[Start of section]

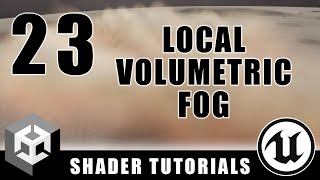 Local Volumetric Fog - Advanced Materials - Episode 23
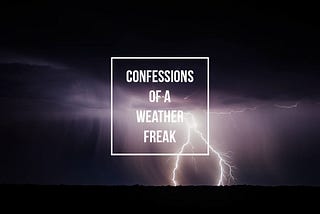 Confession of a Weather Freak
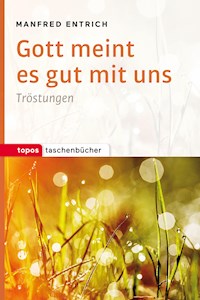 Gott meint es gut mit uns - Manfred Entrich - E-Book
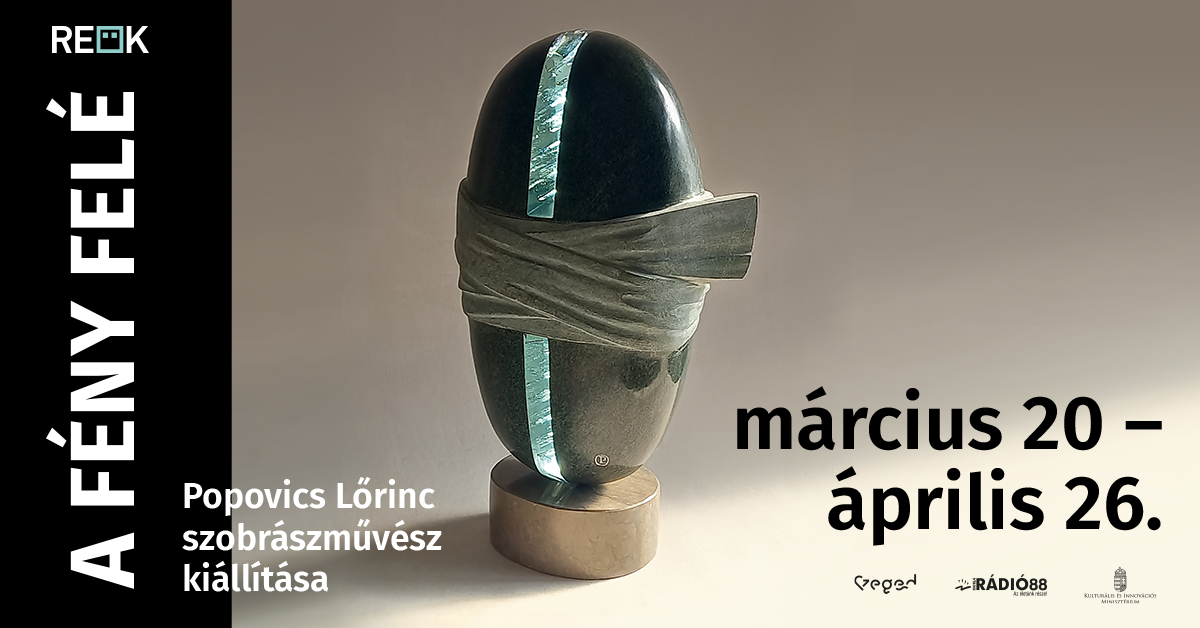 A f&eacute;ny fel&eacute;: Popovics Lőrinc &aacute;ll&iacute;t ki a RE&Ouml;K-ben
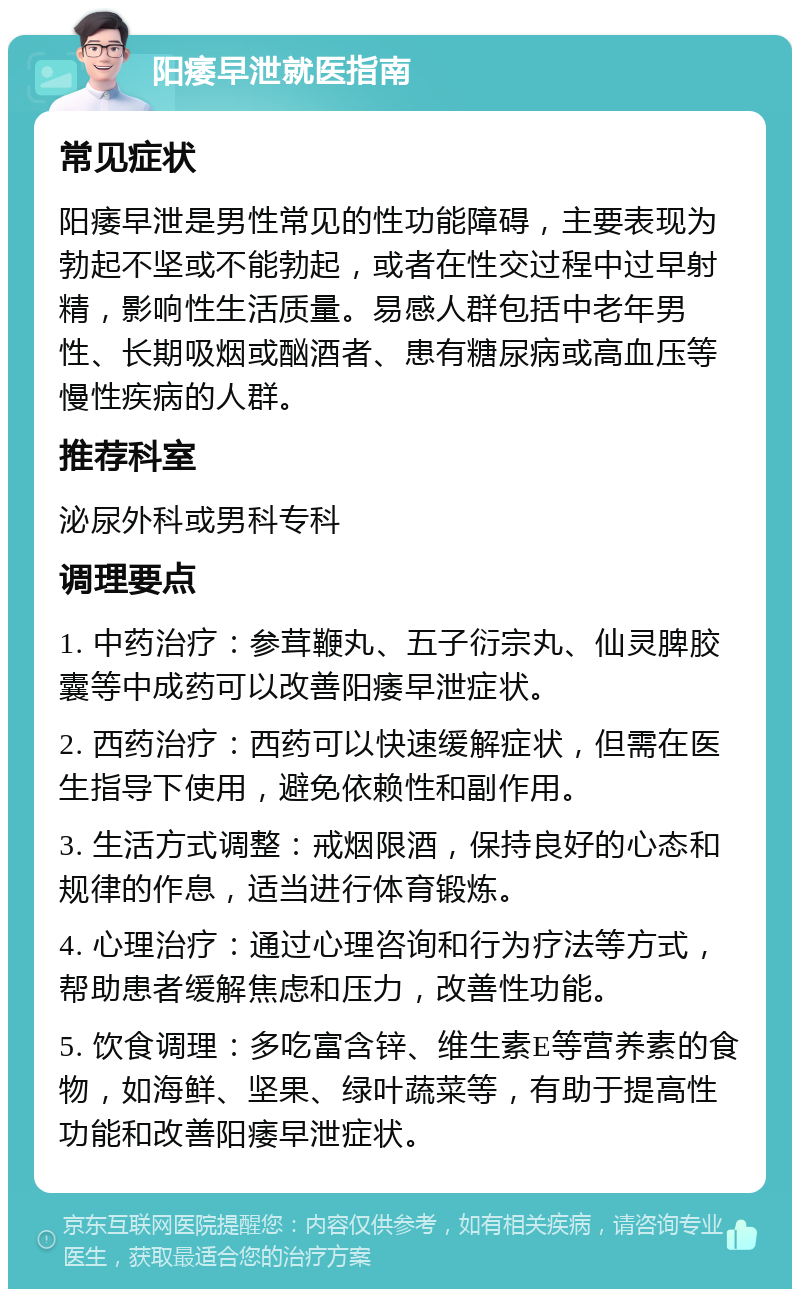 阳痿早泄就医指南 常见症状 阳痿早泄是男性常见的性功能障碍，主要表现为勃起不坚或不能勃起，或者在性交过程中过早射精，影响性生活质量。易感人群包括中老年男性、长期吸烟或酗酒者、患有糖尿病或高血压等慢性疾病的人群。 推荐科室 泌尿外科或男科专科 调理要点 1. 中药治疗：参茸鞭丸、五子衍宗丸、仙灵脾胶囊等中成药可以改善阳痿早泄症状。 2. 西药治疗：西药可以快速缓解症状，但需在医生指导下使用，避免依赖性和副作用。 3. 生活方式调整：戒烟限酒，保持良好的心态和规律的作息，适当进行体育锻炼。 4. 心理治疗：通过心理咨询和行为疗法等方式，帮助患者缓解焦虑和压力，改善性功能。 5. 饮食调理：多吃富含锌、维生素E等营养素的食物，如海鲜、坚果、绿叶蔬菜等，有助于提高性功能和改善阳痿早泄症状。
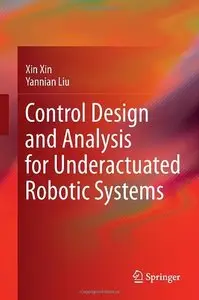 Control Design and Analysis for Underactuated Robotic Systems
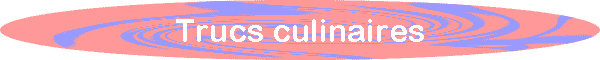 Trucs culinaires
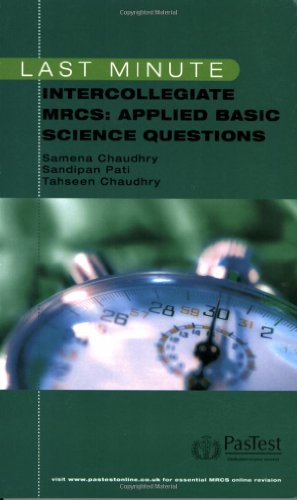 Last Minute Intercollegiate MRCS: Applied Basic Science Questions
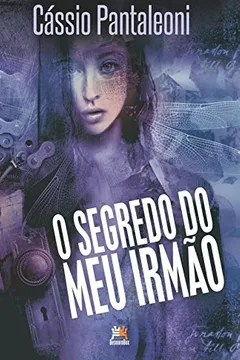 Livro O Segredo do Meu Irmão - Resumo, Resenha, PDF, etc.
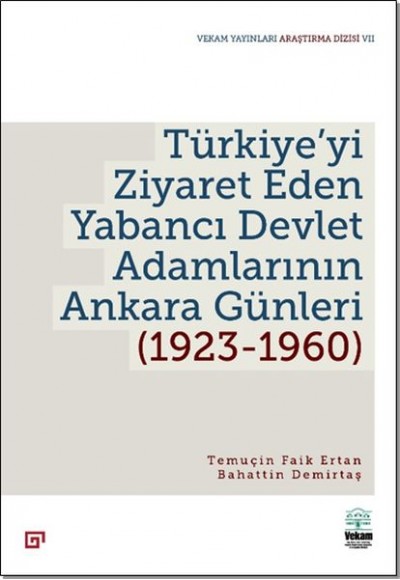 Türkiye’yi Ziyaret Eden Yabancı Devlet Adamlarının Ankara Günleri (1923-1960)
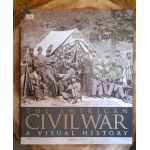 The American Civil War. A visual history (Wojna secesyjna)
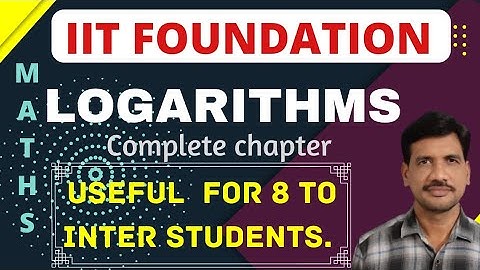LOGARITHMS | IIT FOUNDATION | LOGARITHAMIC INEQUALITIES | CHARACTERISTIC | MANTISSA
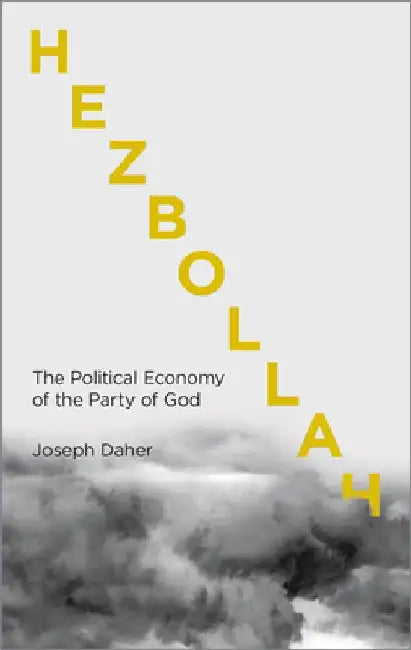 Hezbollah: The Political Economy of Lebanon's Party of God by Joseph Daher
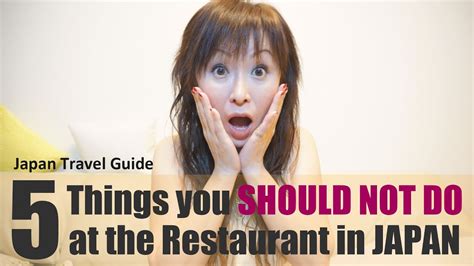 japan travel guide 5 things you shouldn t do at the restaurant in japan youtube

[End of section]

[Exercise requirements]: Needed here is a verbatim copy of the data from the first line through the line with "The American Civil", without pictures.

[Output of the task]:
 Local Volumetric Fog - Advanced Materials - Episode 23
 Confession of a Weather Freak
 Gott meint es gut mit uns - Manfred Entrich - E-Book
 A f&eacute;ny fel&eacute;: Popovics Lőrinc &aacute;ll&iacute;t ki a RE&Ouml;K-ben
 阳痿早泄就医指南 常见症状 阳痿早泄是男性常见的性功能障碍，主要表现为勃起不坚或不能勃起，或者在性交过程中过早射精，影响性生活质量。易感人群包括中老年男性、长期吸烟或酗酒者、患有糖尿病或高血压等慢性疾病的人群。 推荐科室 泌尿外科或男科专科 调理要点 1. 中药治疗：参茸鞭丸、五子衍宗丸、仙灵脾胶囊等中成药可以改善阳痿早泄症状。 2. 西药治疗：西药可以快速缓解症状，但需在医生指导下使用，避免依赖性和副作用。 3. 生活方式调整：戒烟限酒，保持良好的心态和规律的作息，适当进行体育锻炼。 4. 心理治疗：通过心理咨询和行为疗法等方式，帮助患者缓解焦虑和压力，改善性功能。 5. 饮食调理：多吃富含锌、维生素E等营养素的食物，如海鲜、坚果、绿叶蔬菜等，有助于提高性功能和改善阳痿早泄症状。
 Control Design and Analysis for Underactuated Robotic Systems
 Trucs culinaires
 Last Minute Intercollegiate MRCS: Applied Basic Science Questions
 Livro O Segredo do Meu Irmão - Resumo, Resenha, PDF, etc.
 Türkiye’yi Ziyaret Eden Yabancı Devlet Adamlarının Ankara Günleri (1923-1960)
 The American Civil War. A visual history (Wojna secesyjna)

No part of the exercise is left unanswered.